Besides sharing an interest in outdoor activities, Daniel and Beckstead are both friendly and even-tempered, Williams explained.
"We both like to horse around and play," Beckstead said. "We're always punching each other and messing around."
And there's something else they have in common.
"I like having him around a lot because I don't have a dad either," Daniel said. "So I just call him if I'm bored and we'll just hang out."
"I like that a lot," Beckstead said. "I wanted a relationship where he could call me anytime -- when he's bored, when he's sad. Even if I couldn't do anything with him that day, I'd still want him to give me a call.
"It means a lot to me that he would call, being a kid. A lot of kids just don't."
Another one who calls is Reiter's little sister, Kaila.
"I think she's really cool because I can talk to her like she's a mom, but without the thing of, ‘Oh no, what if she finds out,'" Kaila said. "One time I called her for no reason, so we just sat and talked."
When they're together, Kaila and Reiter cook, play tennis, play video games, go bowling, shopping, visit the humane society and the library. They also enjoy doing arts and crafts together.
"We make cards for people," Kaila said. "She's helped me a lot."
Like Beckstead, Reiter gets as much out of the relationship as their "littles" do.
"I'm a teacher, so I've always been involved with kids, and I love being with Kaila because I don't have any kids of my own. She's fun to be with."
Children from 6 to 14 years of age are eligible for the program. Those accepted usually are in single-parent relationships.
"Typically families hear about us from the newspaper or radio, or a lot of times a little sister like Kaila has a friend, and she tells her friend and she tells her parents," Williams said. "But also teachers and counselors are sometimes aware of a family situation."
Typically a lot more boys than girls end up in the program, and that is the case in the Rim country, Williams said.
"We especially are in need of big brothers," she said. Twelve little brothers now are waiting for a "big."
Volunteers are asked to do a minimum of two outings a month with their "littles," and to commit to the program for six months.
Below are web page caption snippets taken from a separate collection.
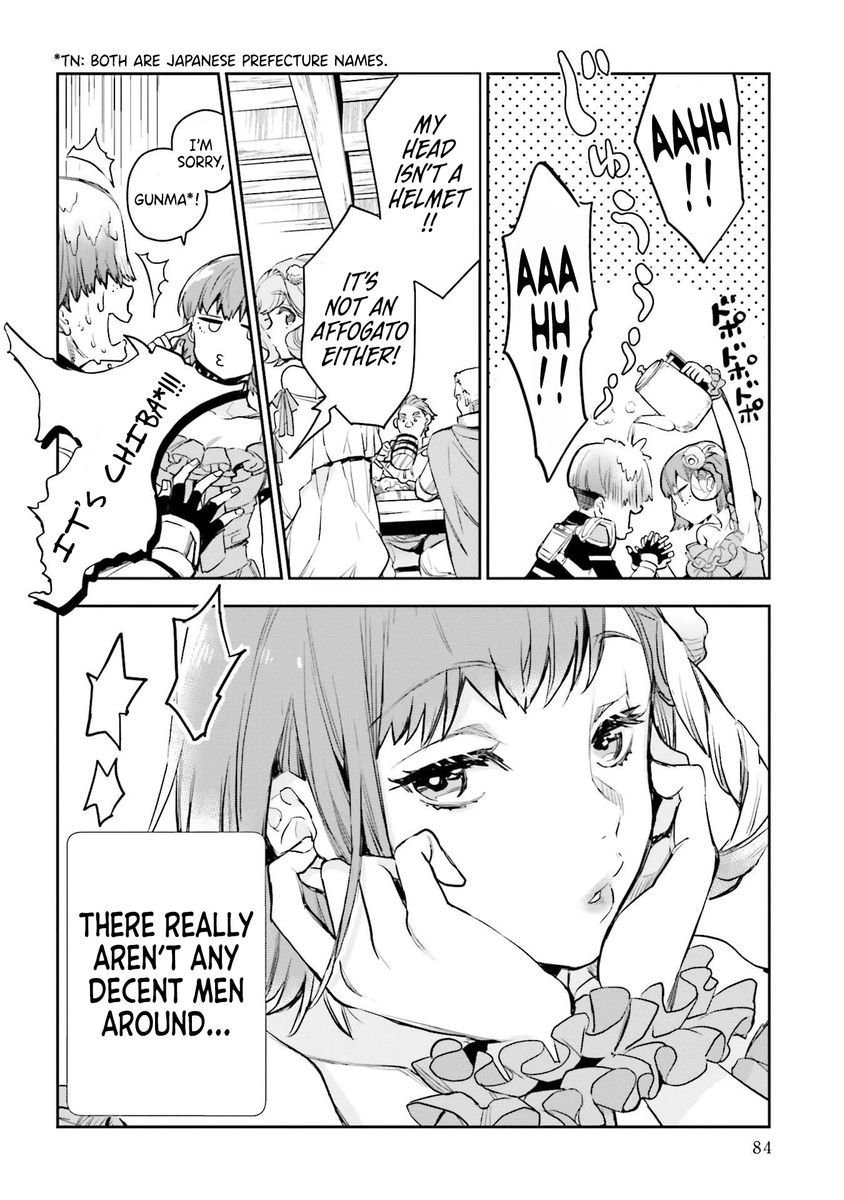 JK Haru wa Isekai de Shoufu ni natta Chapter 11 - Page 26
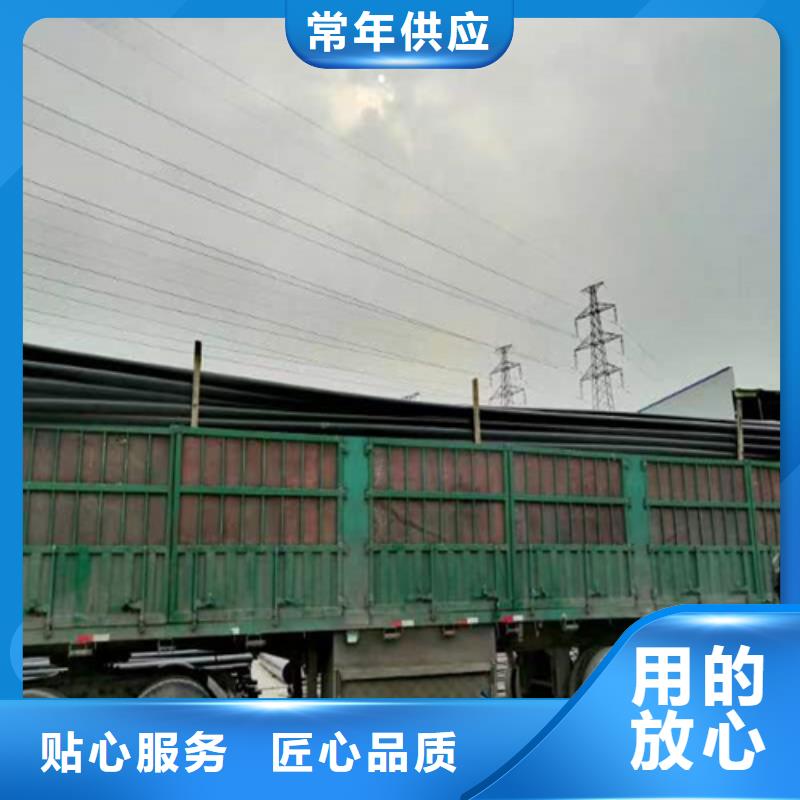 pe给水管厂家供应商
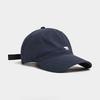 Cappellino da Baseball Ricamato con Animali Cartoni Animati Carini per Donne Cotone Morbido Snabpack Visiera Monocolore Cappello Adorabile Kawaii Cappellini Sportivi
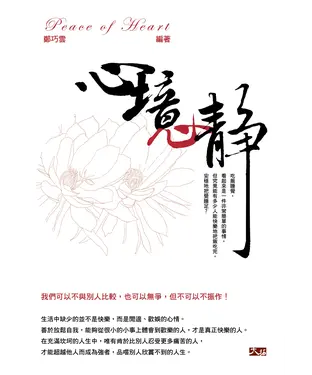 書封 心境，心靜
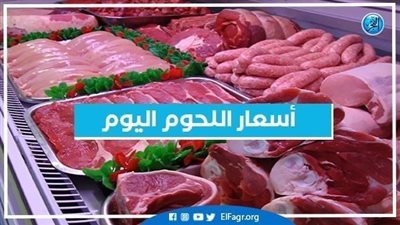 أسعار اللحوم اليوم الأربعاء 7-2-2024 في بني سويف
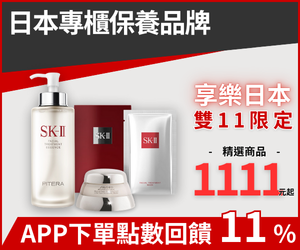 購物網推薦-SK-II、資生堂∣雙11獨家1111元起 購物網推薦-SK-II、資生堂∣雙11獨家1111元起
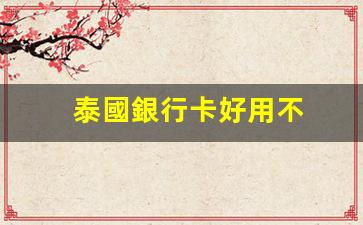 泰國銀行卡好用不(泰國scb銀行卡)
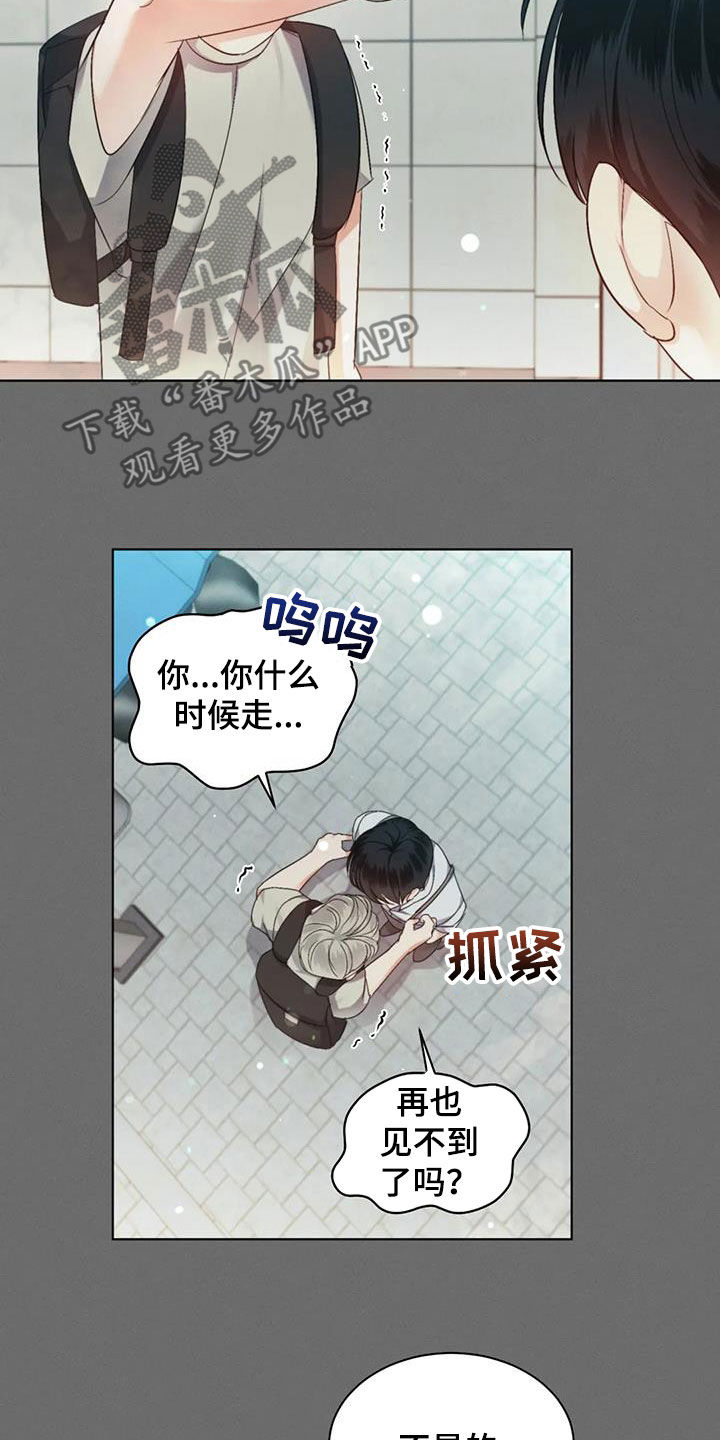 危险重重的藏宝图1漫画,第61章：【第二季】心机1图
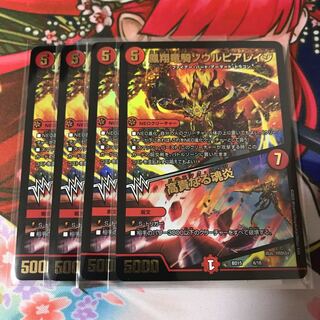 凰翔竜騎ソウルピアレイジ/高貴なる魂炎 4枚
"Usually, once the six months are up things are going well and most continue," Williams said.
Once a "little" turns 18, the relationship ends as far as Big Brothers Big Sisters is concerned. "At that point, they can become ‘bigs' themselves, and a lot of them do," Williams said. "But a lot of times those original relationships go on for a long time."
In Beckstead's case, it's been a lifetime. In fact, Mark just moved to Payson from Wisconsin so he could be closer to the man he befriended in 1976.
"We see each other every couple weeks," Beckstead said. "We hang out and do some stuff."
Daniel can see a similar outcome.
"Maybe when I grow up, I'll be his big brother," he said, nodding toward his "big."
"I'm going to probably need that," Beckstead replied.
Big Brothers Big Sisters
With more than 508 agencies serving 200,000 children nationwide, Big Brothers Big Sisters is the world's largest program of one-to-one mentoring. The Gila County office is a satellite of the Valley chapter, but has its own budget and board of directors.
Volunteers, who must be at least 18, go through an extensive screening process that includes fingerprinting. Then they are matched with children based on such compatibility factors as personality, mutual interests and the child's needs.